> [Task instructions]: All of the data below is to be printed again exactly.

*** Opening of Supplied records ***

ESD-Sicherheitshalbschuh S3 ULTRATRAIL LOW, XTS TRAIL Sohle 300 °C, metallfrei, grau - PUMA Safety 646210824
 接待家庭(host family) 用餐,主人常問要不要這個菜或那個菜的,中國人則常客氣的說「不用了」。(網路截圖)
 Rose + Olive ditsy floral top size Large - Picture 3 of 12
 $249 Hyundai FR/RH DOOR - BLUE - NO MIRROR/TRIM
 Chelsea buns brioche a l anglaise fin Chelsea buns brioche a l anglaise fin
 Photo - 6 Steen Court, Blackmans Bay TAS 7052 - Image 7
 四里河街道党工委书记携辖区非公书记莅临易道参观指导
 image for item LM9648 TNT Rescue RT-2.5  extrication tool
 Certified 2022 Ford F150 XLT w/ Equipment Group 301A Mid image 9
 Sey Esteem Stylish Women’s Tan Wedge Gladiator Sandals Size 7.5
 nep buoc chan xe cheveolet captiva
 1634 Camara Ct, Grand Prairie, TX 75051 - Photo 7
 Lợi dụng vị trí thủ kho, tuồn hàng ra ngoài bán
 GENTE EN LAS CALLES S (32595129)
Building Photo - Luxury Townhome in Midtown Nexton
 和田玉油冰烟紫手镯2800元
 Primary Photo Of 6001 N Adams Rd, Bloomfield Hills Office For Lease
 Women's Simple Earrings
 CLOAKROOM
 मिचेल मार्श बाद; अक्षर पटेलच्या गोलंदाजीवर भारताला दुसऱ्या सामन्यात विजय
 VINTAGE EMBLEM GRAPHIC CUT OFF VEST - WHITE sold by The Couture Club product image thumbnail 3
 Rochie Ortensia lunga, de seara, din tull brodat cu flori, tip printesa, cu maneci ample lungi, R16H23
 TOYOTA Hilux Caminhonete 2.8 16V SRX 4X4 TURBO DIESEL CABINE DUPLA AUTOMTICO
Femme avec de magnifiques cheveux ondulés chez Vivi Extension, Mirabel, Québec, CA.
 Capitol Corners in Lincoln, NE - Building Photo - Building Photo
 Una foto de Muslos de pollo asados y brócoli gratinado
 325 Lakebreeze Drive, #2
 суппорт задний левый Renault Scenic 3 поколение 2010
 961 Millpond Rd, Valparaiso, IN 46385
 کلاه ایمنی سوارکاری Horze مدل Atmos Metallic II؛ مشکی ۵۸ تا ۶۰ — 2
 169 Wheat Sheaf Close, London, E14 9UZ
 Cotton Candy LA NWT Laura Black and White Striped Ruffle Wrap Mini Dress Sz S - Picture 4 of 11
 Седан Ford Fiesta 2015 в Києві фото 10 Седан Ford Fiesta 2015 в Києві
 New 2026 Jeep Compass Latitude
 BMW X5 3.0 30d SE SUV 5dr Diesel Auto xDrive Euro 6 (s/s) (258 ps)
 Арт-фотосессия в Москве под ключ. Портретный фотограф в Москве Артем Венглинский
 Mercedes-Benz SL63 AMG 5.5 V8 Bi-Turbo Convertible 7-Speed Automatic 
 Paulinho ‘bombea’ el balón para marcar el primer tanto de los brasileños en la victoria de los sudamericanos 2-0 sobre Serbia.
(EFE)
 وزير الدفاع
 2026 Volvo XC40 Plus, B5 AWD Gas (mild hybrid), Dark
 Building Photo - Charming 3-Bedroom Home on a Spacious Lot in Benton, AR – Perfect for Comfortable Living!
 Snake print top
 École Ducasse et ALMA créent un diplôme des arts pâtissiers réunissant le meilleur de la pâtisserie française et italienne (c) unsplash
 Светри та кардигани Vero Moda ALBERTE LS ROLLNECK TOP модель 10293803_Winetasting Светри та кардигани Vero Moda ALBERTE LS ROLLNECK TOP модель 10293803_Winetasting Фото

*** Close of Supplied records ***

> [Finished exercise]:
ESD-Sicherheitshalbschuh S3 ULTRATRAIL LOW, XTS TRAIL Sohle 300 °C, metallfrei, grau - PUMA Safety 646210824
 接待家庭(host family) 用餐,主人常問要不要這個菜或那個菜的,中國人則常客氣的說「不用了」。(網路截圖)
 Rose + Olive ditsy floral top size Large - Picture 3 of 12
 $249 Hyundai FR/RH DOOR - BLUE - NO MIRROR/TRIM
 Chelsea buns brioche a l anglaise fin Chelsea buns brioche a l anglaise fin
 Photo - 6 Steen Court, Blackmans Bay TAS 7052 - Image 7
 四里河街道党工委书记携辖区非公书记莅临易道参观指导
 image for item LM9648 TNT Rescue RT-2.5  extrication tool
 Certified 2022 Ford F150 XLT w/ Equipment Group 301A Mid image 9
 Sey Esteem Stylish Women’s Tan Wedge Gladiator Sandals Size 7.5
 nep buoc chan xe cheveolet captiva
 1634 Camara Ct, Grand Prairie, TX 75051 - Photo 7
 Lợi dụng vị trí thủ kho, tuồn hàng ra ngoài bán
 GENTE EN LAS CALLES S (32595129)
Building Photo - Luxury Townhome in Midtown Nexton
 和田玉油冰烟紫手镯2800元
 Primary Photo Of 6001 N Adams Rd, Bloomfield Hills Office For Lease
 Women's Simple Earrings
 CLOAKROOM
 मिचेल मार्श बाद; अक्षर पटेलच्या गोलंदाजीवर भारताला दुसऱ्या सामन्यात विजय
 VINTAGE EMBLEM GRAPHIC CUT OFF VEST - WHITE sold by The Couture Club product image thumbnail 3
 Rochie Ortensia lunga, de seara, din tull brodat cu flori, tip printesa, cu maneci ample lungi, R16H23
 TOYOTA Hilux Caminhonete 2.8 16V SRX 4X4 TURBO DIESEL CABINE DUPLA AUTOMTICO
Femme avec de magnifiques cheveux ondulés chez Vivi Extension, Mirabel, Québec, CA.
 Capitol Corners in Lincoln, NE - Building Photo - Building Photo
 Una foto de Muslos de pollo asados y brócoli gratinado
 325 Lakebreeze Drive, #2
 суппорт задний левый Renault Scenic 3 поколение 2010
 961 Millpond Rd, Valparaiso, IN 46385
 کلاه ایمنی سوارکاری Horze مدل Atmos Metallic II؛ مشکی ۵۸ تا ۶۰ — 2
 169 Wheat Sheaf Close, London, E14 9UZ
 Cotton Candy LA NWT Laura Black and White Striped Ruffle Wrap Mini Dress Sz S - Picture 4 of 11
 Седан Ford Fiesta 2015 в Києві фото 10 Седан Ford Fiesta 2015 в Києві
 New 2026 Jeep Compass Latitude
 BMW X5 3.0 30d SE SUV 5dr Diesel Auto xDrive Euro 6 (s/s) (258 ps)
 Арт-фотосессия в Москве под ключ. Портретный фотограф в Москве Артем Венглинский
 Mercedes-Benz SL63 AMG 5.5 V8 Bi-Turbo Convertible 7-Speed Automatic 
 Paulinho ‘bombea’ el balón para marcar el primer tanto de los brasileños en la victoria de los sudamericanos 2-0 sobre Serbia.
(EFE)
 وزير الدفاع
 2026 Volvo XC40 Plus, B5 AWD Gas (mild hybrid), Dark
 Building Photo - Charming 3-Bedroom Home on a Spacious Lot in Benton, AR – Perfect for Comfortable Living!
 Snake print top
 École Ducasse et ALMA créent un diplôme des arts pâtissiers réunissant le meilleur de la pâtisserie française et italienne (c) unsplash
 Светри та кардигани Vero Moda ALBERTE LS ROLLNECK TOP модель 10293803_Winetasting Светри та кардигани Vero Moda ALBERTE LS ROLLNECK TOP модель 10293803_Winetasting Фото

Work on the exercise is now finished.